SoC Hub succeeds in developing three complex SoCs in just three years

The third System-on-Chip by the SoC Hub consortium has now been sent to manufacturing. An ambitious chip development goal has been reached, but the work of SoC Hub will continue as the fourth chip is already under planning.

“In 2020, we started chip development from scratch and set up the necessary infrastructure, design flow and agreements as well as the chip template itself. Developing one chip per year is not an easy task, but we can proudly say that we have reached our goal,” says Timo Hämäläinen, Professor of Computer Engineering at Tampere University.

The new chip called “Headsail”, which has just been sent for manufacture at TSMC, is the most complex one so far. It includes a whopping 330 million transistors and IPs, such as the 4-core 64-bit RISC-V sub-system, Deep-Learning accelerator and much more.
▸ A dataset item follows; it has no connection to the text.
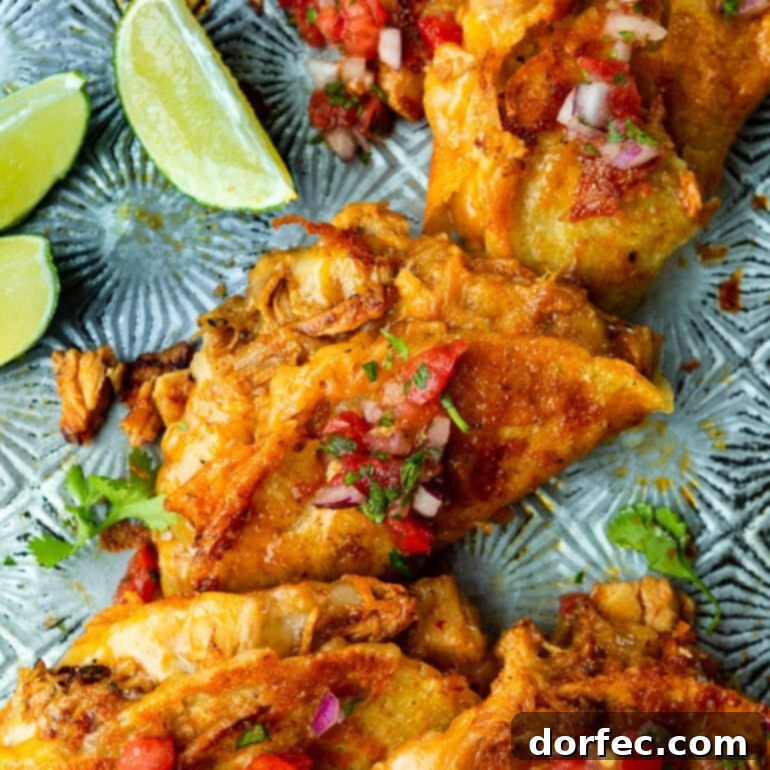 Chicken Birria Tacos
The complexity is almost unforeseen in open source-based academic chips which are also of commercial grade quality.

Headsail chip layout picture
Layout picture of the Headsail chip. Photo: SoC Hub / Tampere University

“Chip development has been very fast. This project focused on a rapid design flow time and increasing agile practices and we were able to design Headsail faster than previous projects despite the complexity of the chip”, says project manager and chip architect Antti Rautakoura from Tampere University. “As planned, we also benefitted from our novel IP-XACT based design automation tooling,” he adds.

“This is the peak of our collaboration and hard work of three years. The overall expertise has much increased in these three years and, apart from the expertise on complex digital SoC design, we have also invested in critical mixed-signal IP development,” Rautakoura says.

Developing a common chip template has been an integral part of the project. After these experiences, SoC Hub will focus more on the applications that will guide SoC development.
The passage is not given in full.